Update June 20th, 10:31PM ET: Since we published this story, the mods of r/mildlyinteresting report their accounts have been reinstated. We’ve updated the story below to reflect the change.
Reddit has started removing moderator teams managing subreddits that switched the labeling on their communities to Not Safe For Work (NSFW) in the latest protests against the site.
With subreddits tagged NSFW, in addition to applying an age gate for desktop viewers and restricting access on mobile devices to logged-in users in the Reddit app, Reddit also doesn’t show ads. This cuts into its ability to monetize them, which is a major part of Reddit’s disputed push to charge apps for using the API. On Thursday, r/MildlyInteresting was one that had gone NSFW, following in the footsteps of others like r/interestingasfuck and r/TIHI (Thanks I Hate It).
CEO Steve Huffman told me in an interview last week, “90-plus percent of Reddit users are on our platform, contributing, and are monetized either through ads or Reddit Premium. Why would we subsidize this small group? Why would we effectively pay them to use Reddit but not everybody else who also contributes to Reddit?”
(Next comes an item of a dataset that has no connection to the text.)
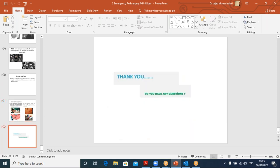Thank you. If you have any questions, there is a form available where you can ask. The PowerPoint is also available. I hope this has been helpful.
“Moderators incorrectly marking a community as NSFW is a violation of both our Content Policy and Moderator Code of Conduct,” Reddit spokesperson Tim Rathschmidt said to The Verge when asked about the suspended mods. He declined to comment when asked if Reddit removed the mods.
Soon after we published this story, one of the r/MildlyInteresting moderators told The Verge that the entire mod team has now been reinstated — and by a different admin than the one that removed them. The mod’s account had received a 7-day suspension, but that has been reversed, too, they said. A Verge commenter who identifies as an r/MildlyInteresting mod also says the team has been reinstated and unsuspended.
Asked if Reddit could confirm the reinstatement, Rathschmidt declined, saying, “I’m not going to set a precedent of confirming with The Verge every action we do or don’t take to ensure users can access their communities.” He didn’t elaborate on how removing a subreddit’s entire moderation team with no communication ensures users can access their communities, particularly since they were never entirely inaccessible beyond the limitations imposed by Reddit itself.
However, according to the now-former r/MildlyInteresting mod that wrote the post, just after they switched the subreddit over, they were logged out of their account and locked out. It quickly became clear that Reddit-employed administrators (as opposed to the mods, who don’t work for Reddit) were involved:
Following this, another mod posted our update instead. Right after, the u/ModCodeofConduct [a Reddit admin account] account removed the post and flipped the sub back to restricted instead of public. Then, the second moderator was also logged out of their account and locked out. Other mods tried to re-approve the post, one of them was promptly logged out and locked out as well.
After that, according to the former r/MildlyInteresting mod, the entire mod team was removed from the subreddit, before eventually being reinstated.
While r/MildlyInteresting got its mods back, other newly NSFW subs that lost their mods Thursday still don’t have them. r/interestingasfuck (11 million subscribers), r/TIHI (1.7 million subscribers), and r/ShittyLifeProTips (1.6 million subscribers), which had all gone NSFW or loosened their rules, are currently unmoderated.
Removal of mods is perhaps Reddit’s biggest action yet against its moderators, who are unpaid volunteers that sometimes dedicate years of their lives to managing these communities. Some mods said they felt threatened by messages sent by the company last week indicating it would unseat moderators who didn’t work to reopen their communities, and now that it’s a reality, the effects on those communities could be massive.